And talking about BT and broadband: a quick quiz. Which company said that voice over IP would never be a commercial reality because the quality was too bad, it was too unreliable, the ordinary phone system would always be superior and people could never be bothered to cope with the technicalities? Yeah, you got it. Now, of course, BT's spotted that if it gives away a voice-over-IP telephone adaptor and signs people up it can sell telephone services over rival cable co's broadband connections. As if by magic -- whammo! Say goodbye to technical problems! Say hello to 'free weekend and evening calls' -- up to an hour in length -- and cheap (by BT's terms) international calls. To seventeen different countries!
You also get to say goodbye to 999 calls, directory enquiries, fax numbers and premium rate numbers, none of which will be connected by the service. You also can't dial ISPs, which makes sense, except why then have the hour limit on free phone calls?
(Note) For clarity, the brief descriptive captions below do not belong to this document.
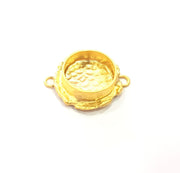 Gold Pendant Blank Connector Mosaic Base inlay Blank Necklace Blank Resin Blank Mountings Gold Plated Brass ( 14mm blank ) G14879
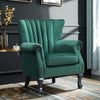 Scalloped Back Velvet Armchair Wing Back Chesterfield Queen Anne Chair Club Sofa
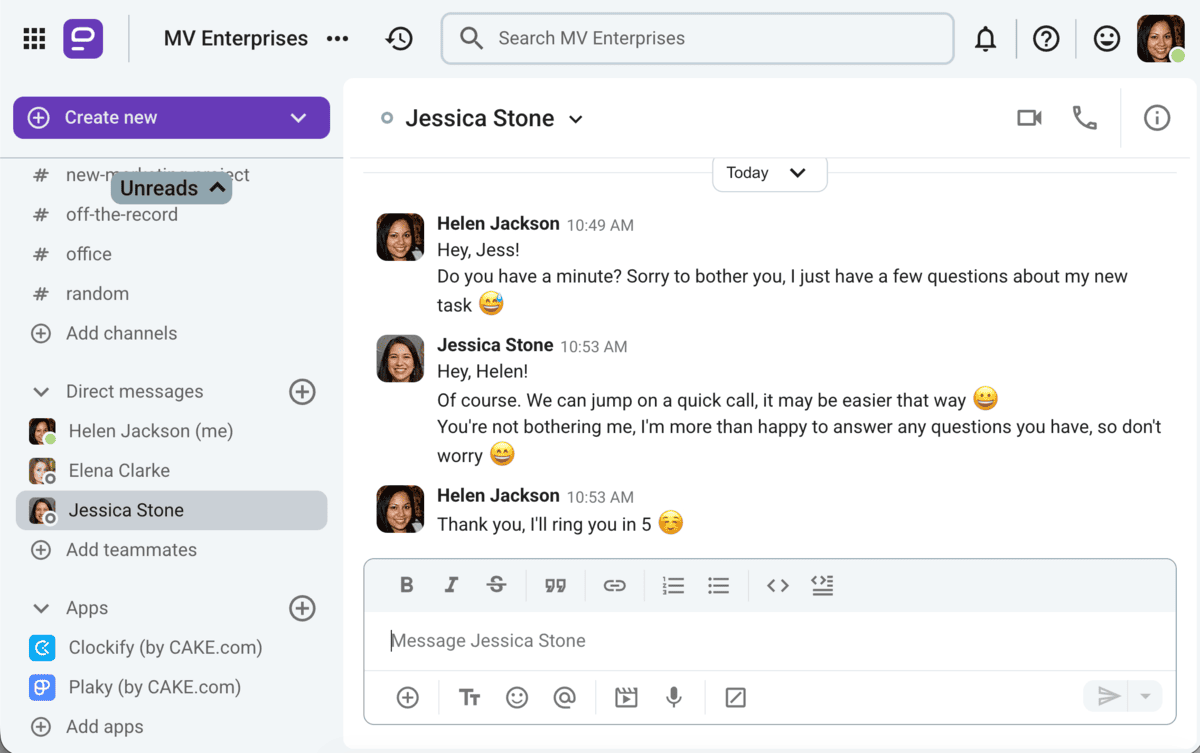 Example of positive communication in Pumble, a team communication app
So, a bit of a dog's breakfast -- and why you need an adaptor when other services run either via an adaptor or a piece of software on your PC isn't clear. You can't junk your existing voiceline, because you don't want to lose the ability to call 999, unless you've already got a mobile phone. Then the chances are you've already got a deal where weekend and evening calls are substantially discounted anyway -- so why pay £7.50 a month for yet another number? BT can't easily add 999 services, as the regulations state that you have to be able to make them during a power cut, and until we all get giant UPSs running our home computers, routers, monitors and broadband modems that ain't going to happen.
Why do people want voice over IP? Because you don't pay by the minute, and the old nonsense about peak rate, standard rate and cheap rate calls don't apply (why should they?). Has BT missed the point altogether? Ho yus.